» **What the task requires**:
Without the images, repeat every line of the listing exactly.

» **Data segment**:
***
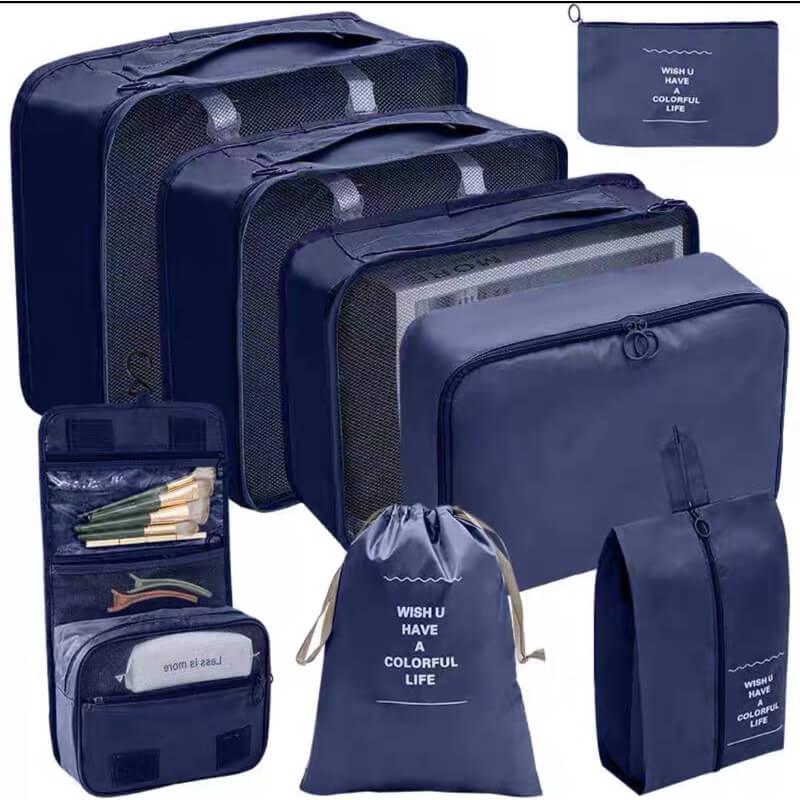 KIT 8 Bolsas Organizadoras á Prova D'água Para Viagem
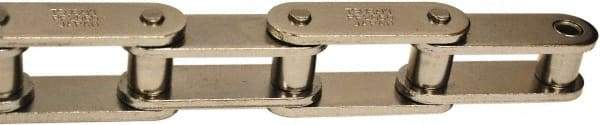 U.S. Tsubaki - 1-1/2" Pitch, ANSI C2060H, Double Pitch Roller Chain - Chain No. 60HNP, 9,000 Lb. Capacity, 15/32" Roller Diam, 1/2" Roller Width - Industrial Tool & Supply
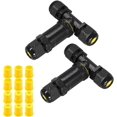thumbnail image 1 of Conector de cable exterior de caja de conexiones impermeable tipo T, conector de cable de 3 vías impermeable IP68 Acoplador de funda exterior para diámetro de cable de Ø4-14 mm, 1 of 7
***
» **Your solution**:
 KIT 8 Bolsas Organizadoras á Prova D'água Para Viagem
 U.S. Tsubaki - 1-1/2" Pitch, ANSI C2060H, Double Pitch Roller Chain - Chain No. 60HNP, 9,000 Lb. Capacity, 15/32" Roller Diam, 1/2" Roller Width - Industrial Tool & Supply
thumbnail image 1 of Conector de cable exterior de caja de conexiones impermeable tipo T, conector de cable de 3 vías impermeable IP68 Acoplador de funda exterior para diámetro de cable de Ø4-14 mm, 1 of 7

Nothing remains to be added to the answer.